▶ [Activity] Leave out the pictures and repeat the data exactly.

▶ [Dataset content]
****************

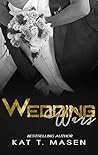 Wedding Wars by Kat T. Masen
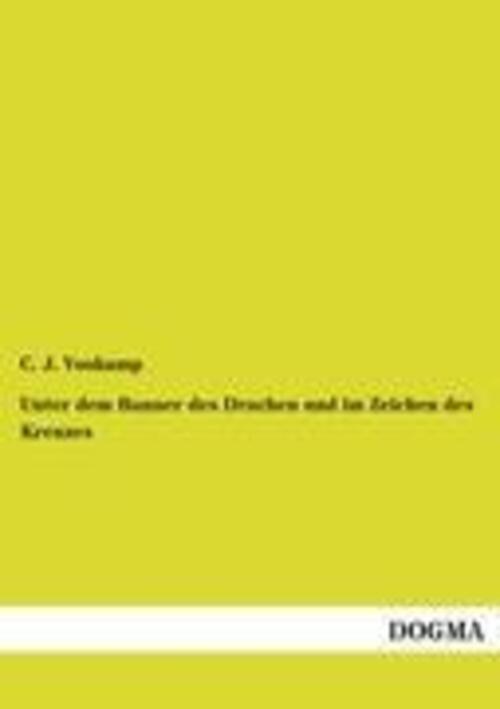 Thumbnail - C. J. Voskamp | Unter Dem Banner Des Drachen Und Zeichen Des Kreuzes |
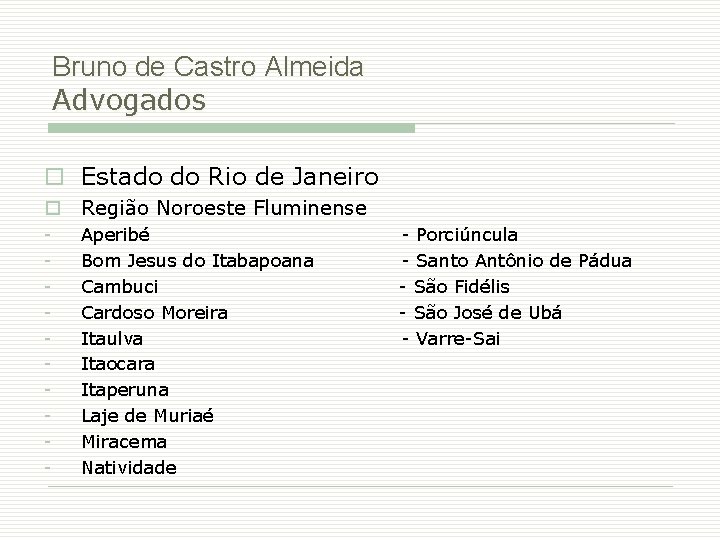 Bruno de Castro Almeida Advogados o Estado do Rio de Janeiro o Região Noroeste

****************

▶ [Exercise output]
 Wedding Wars by Kat T. Masen
 Thumbnail - C. J. Voskamp | Unter Dem Banner Des Drachen Und Zeichen Des Kreuzes |
 Bruno de Castro Almeida Advogados o Estado do Rio de Janeiro o Região Noroeste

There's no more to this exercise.